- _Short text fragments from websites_
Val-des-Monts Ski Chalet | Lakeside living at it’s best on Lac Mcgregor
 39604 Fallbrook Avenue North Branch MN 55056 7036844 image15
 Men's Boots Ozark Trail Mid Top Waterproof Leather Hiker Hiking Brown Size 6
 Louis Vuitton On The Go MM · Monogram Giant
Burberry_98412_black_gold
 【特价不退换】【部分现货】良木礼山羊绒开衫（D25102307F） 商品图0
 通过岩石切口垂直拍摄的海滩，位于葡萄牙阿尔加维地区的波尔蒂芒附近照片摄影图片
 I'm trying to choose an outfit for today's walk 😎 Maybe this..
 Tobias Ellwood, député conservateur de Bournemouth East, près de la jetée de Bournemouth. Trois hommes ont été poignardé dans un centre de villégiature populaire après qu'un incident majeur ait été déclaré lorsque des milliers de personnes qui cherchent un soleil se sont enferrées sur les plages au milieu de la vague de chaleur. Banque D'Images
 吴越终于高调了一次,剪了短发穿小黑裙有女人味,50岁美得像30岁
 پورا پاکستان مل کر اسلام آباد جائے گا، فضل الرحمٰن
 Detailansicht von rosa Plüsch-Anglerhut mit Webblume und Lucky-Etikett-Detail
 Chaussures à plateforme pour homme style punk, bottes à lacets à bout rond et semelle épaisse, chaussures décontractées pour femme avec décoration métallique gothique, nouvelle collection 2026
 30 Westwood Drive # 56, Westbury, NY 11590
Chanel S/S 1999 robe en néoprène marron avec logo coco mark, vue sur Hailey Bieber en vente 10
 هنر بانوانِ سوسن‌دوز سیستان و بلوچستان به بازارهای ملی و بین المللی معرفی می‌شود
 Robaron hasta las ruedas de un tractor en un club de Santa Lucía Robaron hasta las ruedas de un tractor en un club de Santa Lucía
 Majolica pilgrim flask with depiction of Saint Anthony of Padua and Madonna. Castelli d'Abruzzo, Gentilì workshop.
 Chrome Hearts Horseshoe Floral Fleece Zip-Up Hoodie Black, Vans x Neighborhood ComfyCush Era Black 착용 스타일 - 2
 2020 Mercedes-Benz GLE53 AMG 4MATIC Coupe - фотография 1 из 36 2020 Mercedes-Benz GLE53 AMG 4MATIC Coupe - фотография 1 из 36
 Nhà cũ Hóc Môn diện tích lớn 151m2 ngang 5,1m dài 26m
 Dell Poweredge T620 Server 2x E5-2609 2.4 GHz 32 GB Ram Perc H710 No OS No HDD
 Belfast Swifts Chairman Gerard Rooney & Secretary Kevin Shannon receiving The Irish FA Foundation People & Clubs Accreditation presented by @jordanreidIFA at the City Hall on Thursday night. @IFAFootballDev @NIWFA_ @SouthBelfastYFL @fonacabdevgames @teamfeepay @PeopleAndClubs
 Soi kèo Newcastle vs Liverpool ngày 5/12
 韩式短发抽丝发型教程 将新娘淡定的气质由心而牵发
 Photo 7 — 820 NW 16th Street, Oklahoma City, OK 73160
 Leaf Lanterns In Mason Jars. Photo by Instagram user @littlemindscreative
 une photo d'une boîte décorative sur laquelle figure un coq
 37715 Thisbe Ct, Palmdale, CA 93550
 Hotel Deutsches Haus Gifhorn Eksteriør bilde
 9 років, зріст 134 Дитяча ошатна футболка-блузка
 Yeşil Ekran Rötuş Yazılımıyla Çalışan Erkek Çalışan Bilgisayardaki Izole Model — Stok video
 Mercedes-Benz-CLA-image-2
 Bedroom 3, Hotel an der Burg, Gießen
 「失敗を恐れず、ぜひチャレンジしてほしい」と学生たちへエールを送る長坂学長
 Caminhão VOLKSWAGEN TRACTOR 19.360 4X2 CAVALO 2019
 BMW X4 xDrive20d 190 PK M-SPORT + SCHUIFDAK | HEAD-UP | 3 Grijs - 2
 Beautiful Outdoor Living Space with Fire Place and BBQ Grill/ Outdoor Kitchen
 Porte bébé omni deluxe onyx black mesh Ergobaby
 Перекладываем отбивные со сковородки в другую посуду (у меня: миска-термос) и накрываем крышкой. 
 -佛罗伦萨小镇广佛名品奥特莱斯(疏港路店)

- _Task instructions_
So that nothing is lost, write out each record exactly as it appears above.

- _Answer to the exercise_
Val-des-Monts Ski Chalet | Lakeside living at it’s best on Lac Mcgregor
 39604 Fallbrook Avenue North Branch MN 55056 7036844 image15
 Men's Boots Ozark Trail Mid Top Waterproof Leather Hiker Hiking Brown Size 6
 Louis Vuitton On The Go MM · Monogram Giant
Burberry_98412_black_gold
 【特价不退换】【部分现货】良木礼山羊绒开衫（D25102307F） 商品图0
 通过岩石切口垂直拍摄的海滩，位于葡萄牙阿尔加维地区的波尔蒂芒附近照片摄影图片
 I'm trying to choose an outfit for today's walk 😎 Maybe this..
 Tobias Ellwood, député conservateur de Bournemouth East, près de la jetée de Bournemouth. Trois hommes ont été poignardé dans un centre de villégiature populaire après qu'un incident majeur ait été déclaré lorsque des milliers de personnes qui cherchent un soleil se sont enferrées sur les plages au milieu de la vague de chaleur. Banque D'Images
 吴越终于高调了一次,剪了短发穿小黑裙有女人味,50岁美得像30岁
 پورا پاکستان مل کر اسلام آباد جائے گا، فضل الرحمٰن
 Detailansicht von rosa Plüsch-Anglerhut mit Webblume und Lucky-Etikett-Detail
 Chaussures à plateforme pour homme style punk, bottes à lacets à bout rond et semelle épaisse, chaussures décontractées pour femme avec décoration métallique gothique, nouvelle collection 2026
 30 Westwood Drive # 56, Westbury, NY 11590
Chanel S/S 1999 robe en néoprène marron avec logo coco mark, vue sur Hailey Bieber en vente 10
 هنر بانوانِ سوسن‌دوز سیستان و بلوچستان به بازارهای ملی و بین المللی معرفی می‌شود
 Robaron hasta las ruedas de un tractor en un club de Santa Lucía Robaron hasta las ruedas de un tractor en un club de Santa Lucía
 Majolica pilgrim flask with depiction of Saint Anthony of Padua and Madonna. Castelli d'Abruzzo, Gentilì workshop.
 Chrome Hearts Horseshoe Floral Fleece Zip-Up Hoodie Black, Vans x Neighborhood ComfyCush Era Black 착용 스타일 - 2
 2020 Mercedes-Benz GLE53 AMG 4MATIC Coupe - фотография 1 из 36 2020 Mercedes-Benz GLE53 AMG 4MATIC Coupe - фотография 1 из 36
 Nhà cũ Hóc Môn diện tích lớn 151m2 ngang 5,1m dài 26m
 Dell Poweredge T620 Server 2x E5-2609 2.4 GHz 32 GB Ram Perc H710 No OS No HDD
 Belfast Swifts Chairman Gerard Rooney & Secretary Kevin Shannon receiving The Irish FA Foundation People & Clubs Accreditation presented by @jordanreidIFA at the City Hall on Thursday night. @IFAFootballDev @NIWFA_ @SouthBelfastYFL @fonacabdevgames @teamfeepay @PeopleAndClubs
 Soi kèo Newcastle vs Liverpool ngày 5/12
 韩式短发抽丝发型教程 将新娘淡定的气质由心而牵发
 Photo 7 — 820 NW 16th Street, Oklahoma City, OK 73160
 Leaf Lanterns In Mason Jars. Photo by Instagram user @littlemindscreative
 une photo d'une boîte décorative sur laquelle figure un coq
 37715 Thisbe Ct, Palmdale, CA 93550
 Hotel Deutsches Haus Gifhorn Eksteriør bilde
 9 років, зріст 134 Дитяча ошатна футболка-блузка
 Yeşil Ekran Rötuş Yazılımıyla Çalışan Erkek Çalışan Bilgisayardaki Izole Model — Stok video
 Mercedes-Benz-CLA-image-2
 Bedroom 3, Hotel an der Burg, Gießen
 「失敗を恐れず、ぜひチャレンジしてほしい」と学生たちへエールを送る長坂学長
 Caminhão VOLKSWAGEN TRACTOR 19.360 4X2 CAVALO 2019
 BMW X4 xDrive20d 190 PK M-SPORT + SCHUIFDAK | HEAD-UP | 3 Grijs - 2
 Beautiful Outdoor Living Space with Fire Place and BBQ Grill/ Outdoor Kitchen
 Porte bébé omni deluxe onyx black mesh Ergobaby
 Перекладываем отбивные со сковородки в другую посуду (у меня: миска-термос) и накрываем крышкой. 
 -佛罗伦萨小镇广佛名品奥特莱斯(疏港路店)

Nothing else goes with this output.